Given data
::::

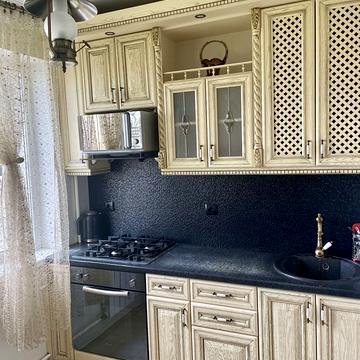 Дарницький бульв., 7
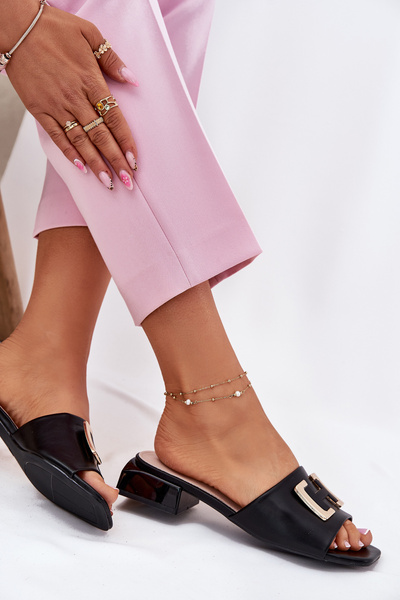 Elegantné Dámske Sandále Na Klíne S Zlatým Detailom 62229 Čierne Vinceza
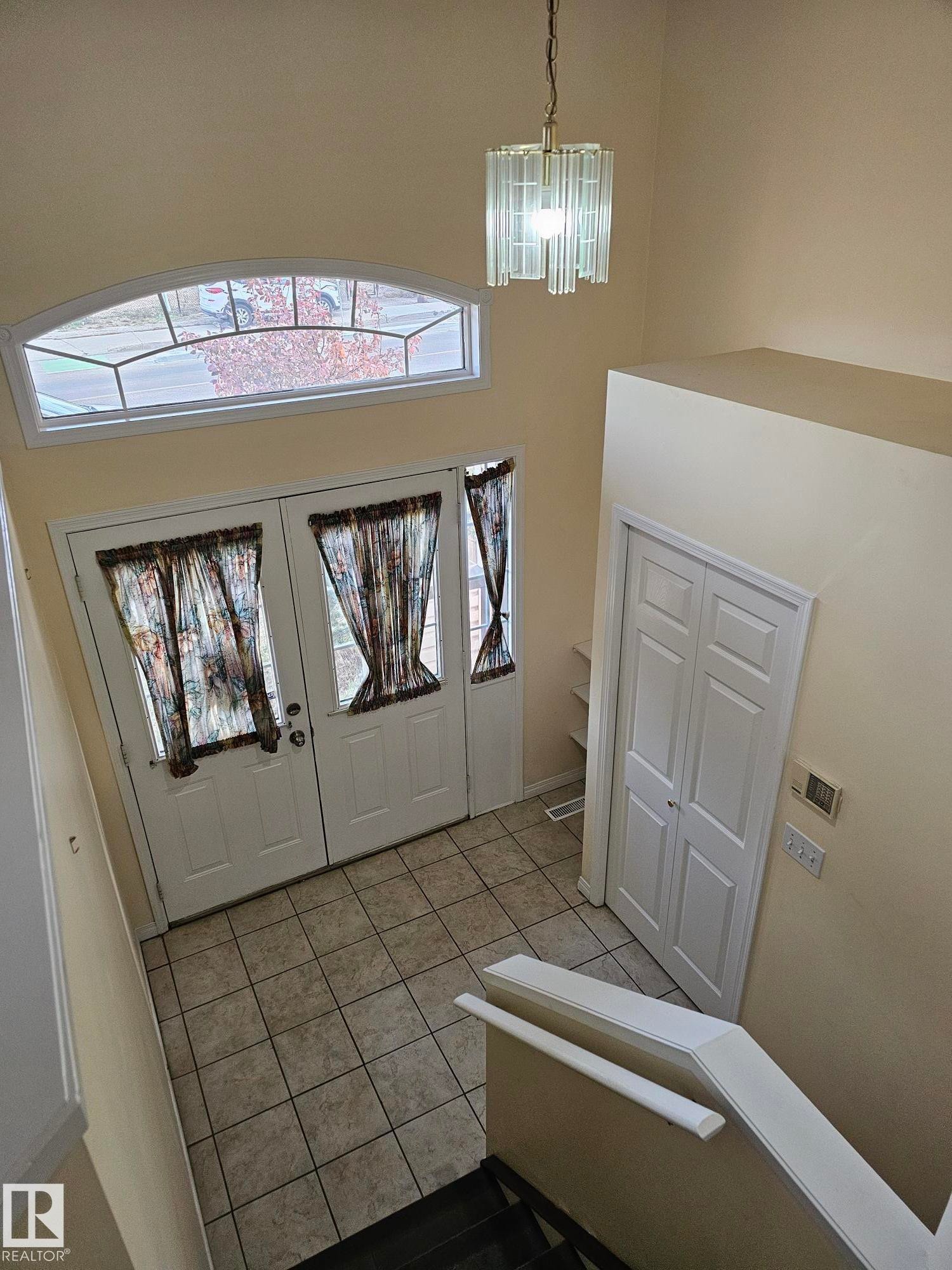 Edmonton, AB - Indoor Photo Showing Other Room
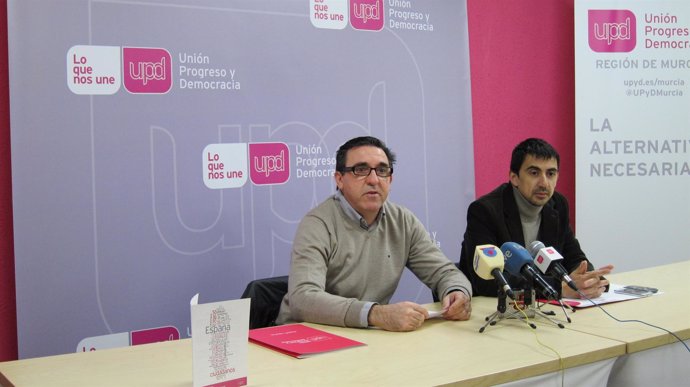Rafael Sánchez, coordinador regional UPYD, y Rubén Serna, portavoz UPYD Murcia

::::

Instructions for the task
Please print exactly the lines running from the line with "Elegantné Dámske Sandále" through the final line of the material, and nothing more. Keep pictures out.

Response to this exercise
 Elegantné Dámske Sandále Na Klíne S Zlatým Detailom 62229 Čierne Vinceza
 Edmonton, AB - Indoor Photo Showing Other Room
Rafael Sánchez, coordinador regional UPYD, y Rubén Serna, portavoz UPYD Murcia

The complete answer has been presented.